Right now we are most focused on getting our film out in the world, so that means distribution. We’d love for anyone interested in our film to come check it out, and particularly encourage distributors, journalists, and buyers to show up. But also we are looking to towards the future, and I have a new script ready to go the moment we sell this one, and can fund the next.
Working with Amanda, and Kevin on our team has built confidence in our own voices, and we want to keep growing and amplifying what we have to say as artists, and that all starts by getting this film out in the world, and having the next one on deck.
Amanda: For this film, we truly need distributors more than anything.
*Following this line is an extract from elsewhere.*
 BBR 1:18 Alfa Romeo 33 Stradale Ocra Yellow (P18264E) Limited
We want this film to sell. However, we have another work in progress, and for that, we need everything.
What type of impact and/or reception would you like this film to have?
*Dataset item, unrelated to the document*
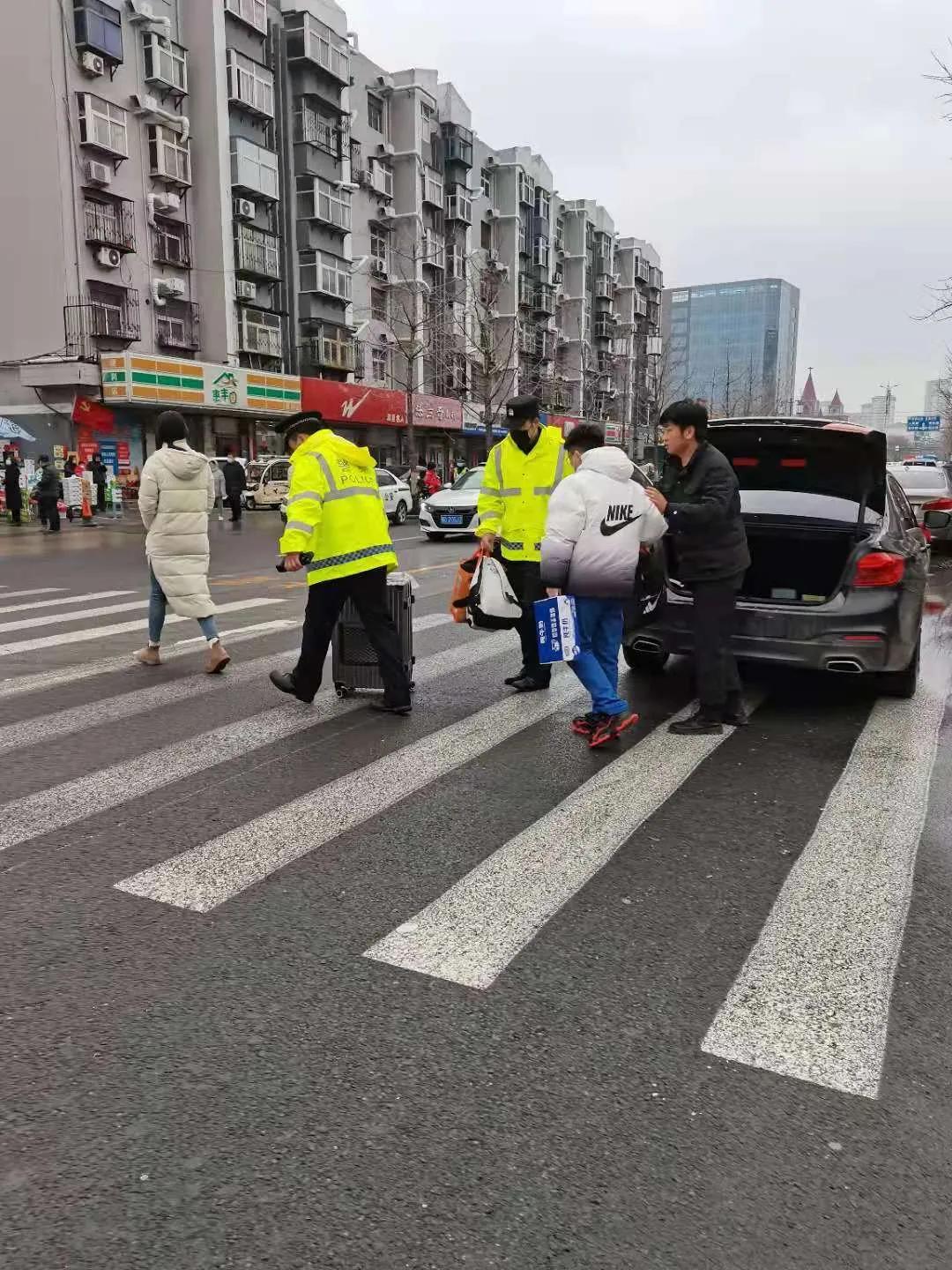 邯郸交巡警为开学季保驾护航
Chris: From the beginning, as a filmmaker, my goal has been that people feel some genuine emotion from the things I create. Even if it’s not what I intended, if someone has a legitimate laugh, or tears, or anxiety, then we were a success because that’s an effect we had on someone who wouldn’t have had that, at that exact moment, had we not made a film. Building on that, if we can get people thinking about why they had that reaction, then all my goals would be met.
Amanda: Well, I'm hoping a positive one. I want people to leave thinking and feeling, which is what all films should ask of a (paying??) audience. I want people to understand that you’re not the only one responsible for creating who you are, and you’re certainly not the only one affected by it. I honestly don’t care how it’s received because reception means it has been seen.
What’s a key question that will help spark a debate or begin a conversation about this film?
Chris: The usual narrative in stories is that extreme suffering, pain, and evil can cause the greatest good to emerge. But what happens when it doesn’t? What happens when negativity destroys whatever it touches, and leaves behind something even worse. Does looking at it from that perspective make us more or less likely to challenge ourselves to stop these things before they start?
Amanda: Will people always find a way to excuse their actions?
Would you like to add anything else?
I just want to add that while Amanda and I may be the voice for this project, that is only because of circumstance. This film is the result of a collective effort from a talented cast and crew that came from all over the continent, willing to work for a minimal wage, to be a part of a story that they believed in telling.
When you look at the visuals, you are seeing the pure talent of Jack, our DP. When you hear the chilling score, or feel the rush of excitement or tension in the movie’s flow, that is our composer Khris, and our Editor Dan. When you squirm at the visual effects, that is Jane our on set make-up and Josh, our practical effects designer. When you hear the clear sound, which contains NO ADR, that’s because of our talented on set recordists Matt and James, and our mixer Danny.
Amanda, Jeremy and Russell all draw the audience in with their convincing, and haunting performances. As do all our supporting actors. And the whole reason anyone is even seeing this film is because of our production team. Kevin and Rachel producing, and Mat, Kyle and Sarah who crewed for us in the field. So I would like to add that when you see this movie, you are seeing all of these folks coming together with their ‘A’ game on a film that we are all proud to have been a part of.
Amanda: Definitely a thank you. To you, and to anyone else who has listened to our annoying outcries for attention.
What are the key creatives developing or working on now?
We are developing a number of shorts, and TV pilot projects. Chris still works on crime recreations, currently for Discovery Network in Washington DC. He has just completed his next feature script, and plans to apply the same principals that allow him to shoot on a minimal budget with maximum results. Production is slated to start this fall, pending funding.
Amanda: Ohhhh, #wearemovingstories…you will see. YOU WILL SEE!